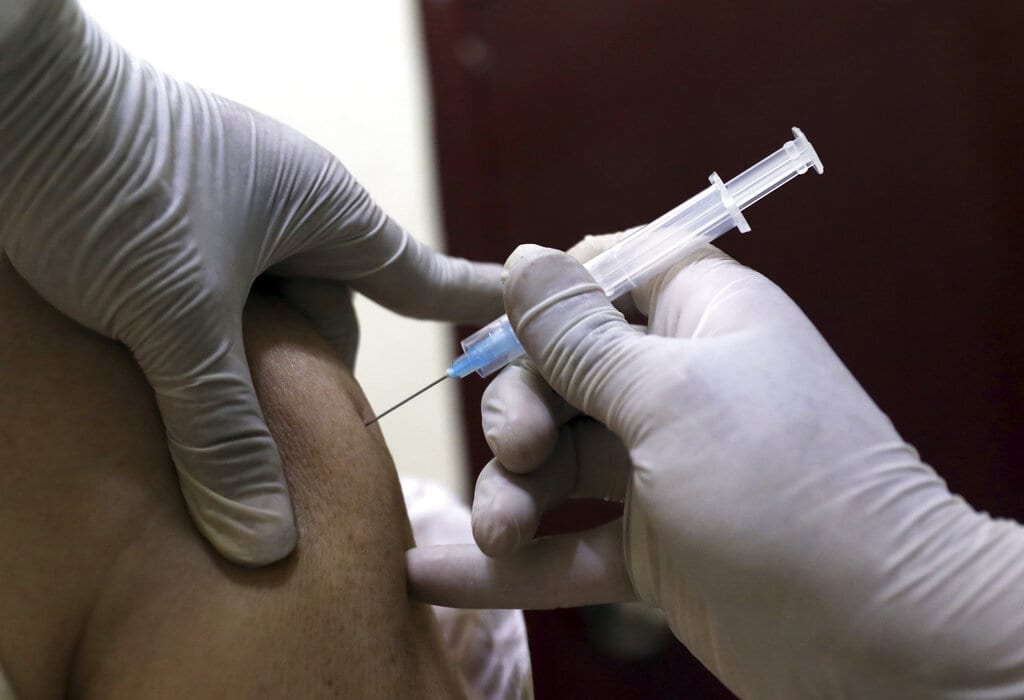 Καλάβρυτα: Γυναίκα πέθανε μετά τη δεύτερη δόση του εμβολίου (Video)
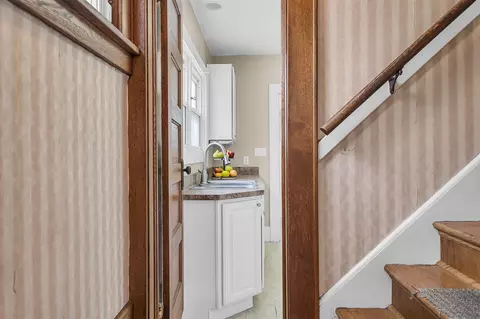 Entry Way - 1218 Forest Ave, Jackson, MI 49201 photo 1 of 2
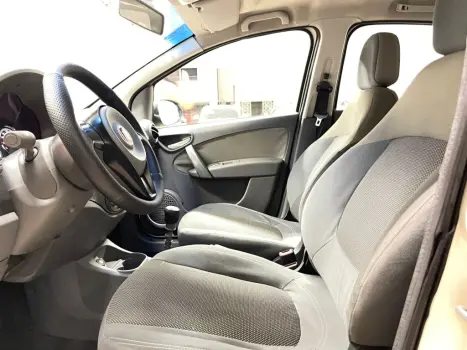 FIAT Palio 1.6 16V 4P FLEX ESSENCE, Foto 6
--
■ **Work to be completed**
Output the material verbatim, skipping the images.

■ **Solution to this task**
 Καλάβρυτα: Γυναίκα πέθανε μετά τη δεύτερη δόση του εμβολίου (Video)
 Entry Way - 1218 Forest Ave, Jackson, MI 49201 photo 1 of 2
 FIAT Palio 1.6 16V 4P FLEX ESSENCE, Foto 6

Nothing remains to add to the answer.